What to work on: Reproduce exactly the lines from the one containing "NGC Gamepad 2.4G" through the end of the listing, minus the pictures.

Data extracts:
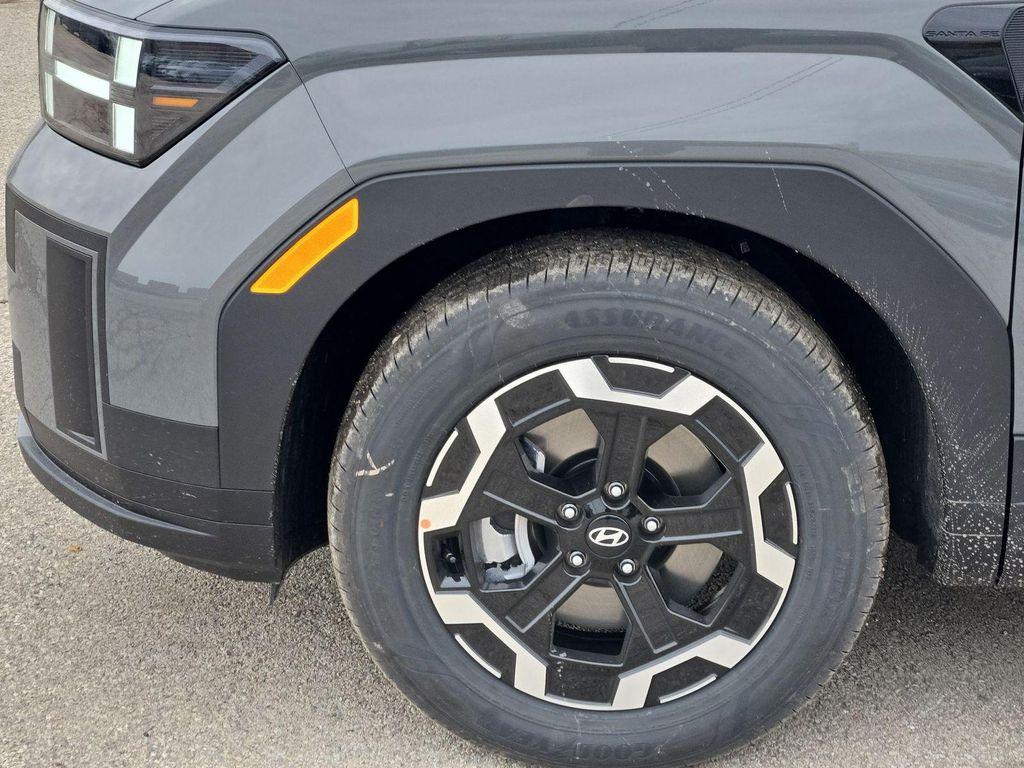 new 2026 Hyundai Santa Fe car, priced at $39,000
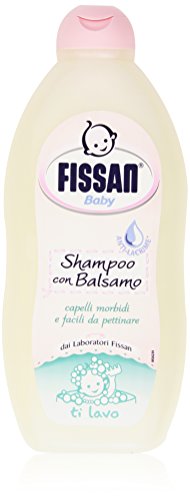 Fissan Baby Shampoo 2 in 1 - 400 Ml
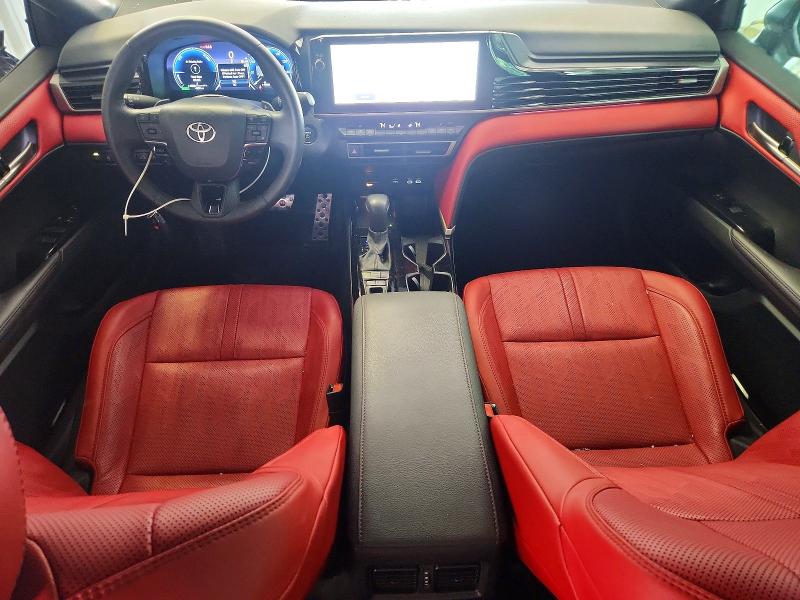 Aukcja sprzedaży 2025 Toyota Camry, vin: 4T1DAACK4SU085059, numer aukcji: 63073026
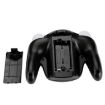 NGC Gamepad 2.4G Wireless Gamepad for Wii - Blue - 4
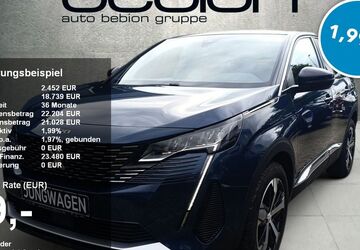 Peugeot 3008 12.200 km 22.880 &euro; Göppingen 73037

Written answer:
 NGC Gamepad 2.4G Wireless Gamepad for Wii - Blue - 4
 Peugeot 3008 12.200 km 22.880 &euro; Göppingen 73037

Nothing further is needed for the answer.